# Inner Tube "Shelf Life"



## Samadhi (Nov 1, 2011)

How long can an inner tube last "on the the shelf"?

If I could get 4 tubes on sale - decent tubes - how long would they last in the box before they became un-usable?


----------



## JCavilia (Sep 12, 2005)

Long enough -- a few years at least. Especially if you re-package them in sealed plastic bags, to minimize the effects of environmental pollutants (ozone in particular) and keep them in opaque packages to keep UV light away.


----------



## the mayor (Jul 8, 2004)

I had a tube in my big saddle bag ( I use it on long rides and carry 2 tubes) that I bought at a shop that went out of business in the late 90's.
I lent it to a friend who multi flatted on a ride last spring. He's still rolling on it....a few thousand miles later.


----------



## YamaDan (Aug 28, 2012)

Baby powder them, helps a ton!


----------



## DrSmile (Jul 22, 2006)

Depends on what it's made of, but assuming butyl it's a long long time, decades at least.

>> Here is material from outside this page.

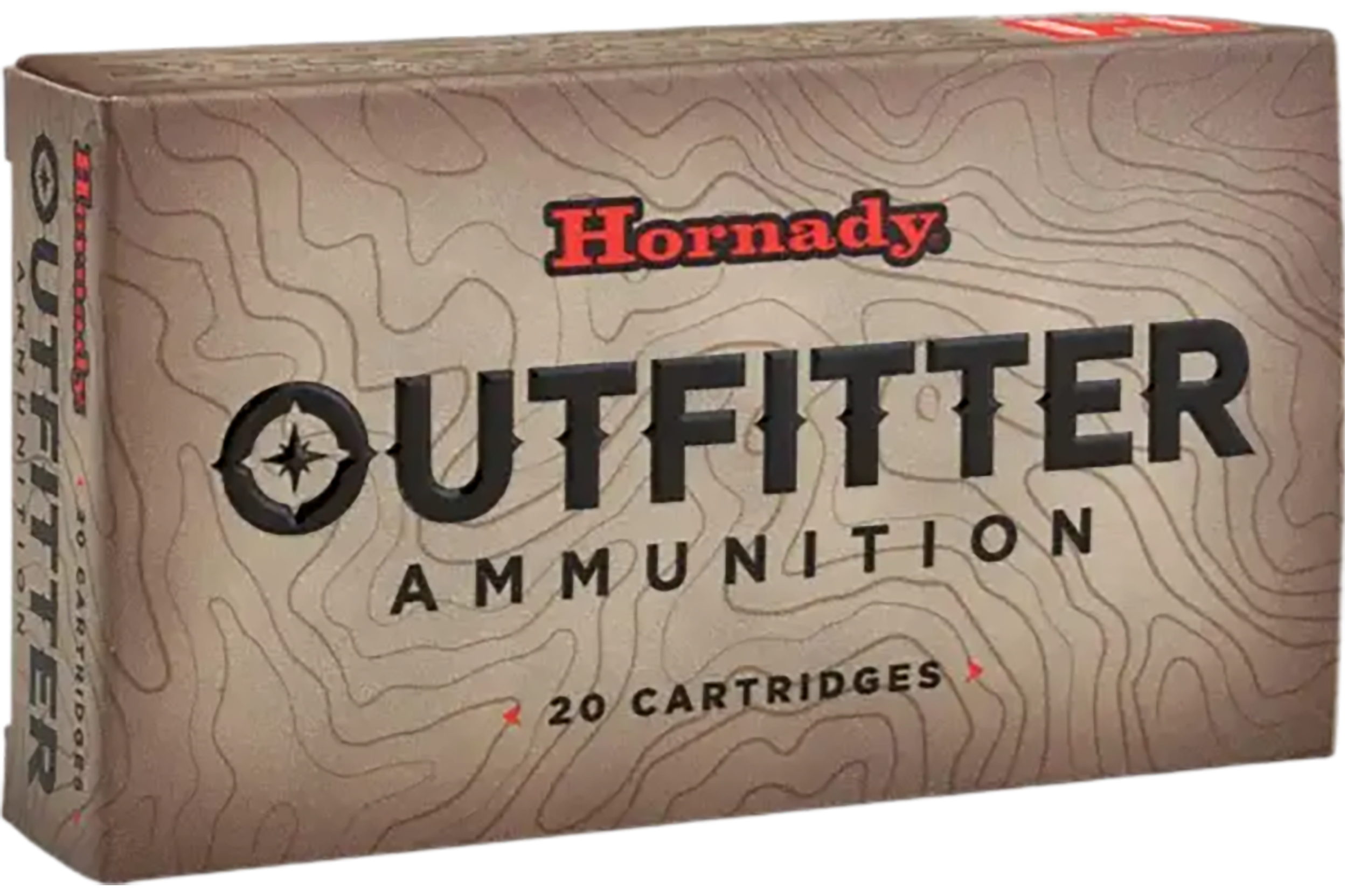 Hornady Outfitter Ammunition 338 Winchester Magnum 225 Grain CX Polymer Tip Lead Free 20RD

It's used to seal roofs / rooves so it is pretty indestructible.


----------



## Kuma601 (Jan 22, 2004)

I've got tubes that are approaching 17 years. Let's just say I got some very good deals wayyy back to stock up. Even those I've left in the garage through the So. Cal temps are still in use. Tires stored in the garage are a different story.


----------



## tihsepa (Nov 27, 2008)

Its a chunk of rubber. Not a gallon of milk. It will be fine for a long time.


----------



## AtomicMoose (Aug 15, 2012)

You could bury it in the ground and it would take 1000 years to deteriorate. :thumbsup:


----------



## Al1943 (Jun 23, 2003)

If stored exposed to the air in my garage - 1 year.
If wrapped in kitchen wrap and stored in an interior closet - many years.


----------